Description
The more complex a system, the larger the number and variety of its related artifacts become. Large-scale industrial systems involve nowadays hundreds of developers working on hundreds of different but related artifacts representing parts of the whole system specification. In MDE (Model Driven Engineering), artifacts are considered to be models. There are models for requirements, analysis and design, tests, validation and verification, supervision, deployment, etc. The complete system specification is then a huge set of distributed models manipulated by developers during the whole system life cycle.
Despite this situation, a critical problem is that currently there is no strong support for collaborative development of complex systems following the MDE approach.
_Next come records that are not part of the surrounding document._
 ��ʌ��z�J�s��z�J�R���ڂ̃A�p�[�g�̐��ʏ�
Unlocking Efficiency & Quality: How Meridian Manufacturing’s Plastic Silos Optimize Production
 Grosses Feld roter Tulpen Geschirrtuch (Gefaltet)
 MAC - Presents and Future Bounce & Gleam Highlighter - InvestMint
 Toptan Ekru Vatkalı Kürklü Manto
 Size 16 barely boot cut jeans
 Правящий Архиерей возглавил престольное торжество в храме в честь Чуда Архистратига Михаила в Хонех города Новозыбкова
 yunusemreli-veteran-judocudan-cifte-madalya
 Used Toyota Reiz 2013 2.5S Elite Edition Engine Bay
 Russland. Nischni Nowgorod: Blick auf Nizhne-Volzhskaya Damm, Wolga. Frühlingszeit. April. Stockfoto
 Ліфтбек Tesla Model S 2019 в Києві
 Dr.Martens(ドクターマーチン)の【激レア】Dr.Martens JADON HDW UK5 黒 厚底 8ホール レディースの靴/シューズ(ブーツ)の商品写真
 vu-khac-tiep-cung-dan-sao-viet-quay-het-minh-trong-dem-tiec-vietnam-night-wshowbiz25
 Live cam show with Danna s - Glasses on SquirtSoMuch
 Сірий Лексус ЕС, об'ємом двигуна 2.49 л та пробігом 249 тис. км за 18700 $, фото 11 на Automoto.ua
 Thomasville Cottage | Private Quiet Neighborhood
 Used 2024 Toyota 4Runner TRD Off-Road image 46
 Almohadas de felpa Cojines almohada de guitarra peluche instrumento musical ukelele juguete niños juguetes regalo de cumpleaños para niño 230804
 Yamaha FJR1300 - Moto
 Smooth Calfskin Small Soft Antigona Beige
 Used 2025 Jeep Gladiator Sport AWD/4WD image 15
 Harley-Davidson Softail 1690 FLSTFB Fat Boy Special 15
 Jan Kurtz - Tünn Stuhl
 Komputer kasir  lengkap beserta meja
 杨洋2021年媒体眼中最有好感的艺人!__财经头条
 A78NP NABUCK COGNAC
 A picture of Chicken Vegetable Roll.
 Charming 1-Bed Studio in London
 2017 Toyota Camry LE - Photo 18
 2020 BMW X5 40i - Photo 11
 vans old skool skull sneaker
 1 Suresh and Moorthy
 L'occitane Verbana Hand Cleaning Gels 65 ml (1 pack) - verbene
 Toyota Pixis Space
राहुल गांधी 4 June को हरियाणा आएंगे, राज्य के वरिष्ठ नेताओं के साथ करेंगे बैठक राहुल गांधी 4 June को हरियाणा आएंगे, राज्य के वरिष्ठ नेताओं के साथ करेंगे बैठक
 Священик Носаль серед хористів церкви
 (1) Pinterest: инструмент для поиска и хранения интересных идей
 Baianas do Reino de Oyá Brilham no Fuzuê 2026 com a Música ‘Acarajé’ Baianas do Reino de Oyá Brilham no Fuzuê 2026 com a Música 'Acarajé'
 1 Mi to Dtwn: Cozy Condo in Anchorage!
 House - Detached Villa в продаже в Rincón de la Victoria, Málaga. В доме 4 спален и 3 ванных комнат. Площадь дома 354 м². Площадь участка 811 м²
Note that what we do talk about collaborative aspects and not cooperative ones. Collaborative work and cooperative work are sometimes two confusing concepts. Galaxy does not deal with social or human aspects of cooperative systems. It focuses on collaborative working environment. As raised by Douglas C. Schmidt, CASE (Computer-Aided Software Engineering) tools offer few support for concurrent engineering, so they are limited to programs written by a single person or by a team that serialized their access to files used by these tools. Therefore, organizations building complex systems have to define their own ‘ad-hoc’ solutions (quite often human based) to address this major problem. The result is a lack of competitiveness and reactivity.
The goal of the Galaxy project is to address the complexity of model collaborative work. It aims at defining an open and flexible architecture particularly designed to be scalable with regard of the size and dynamic of models and developers teams.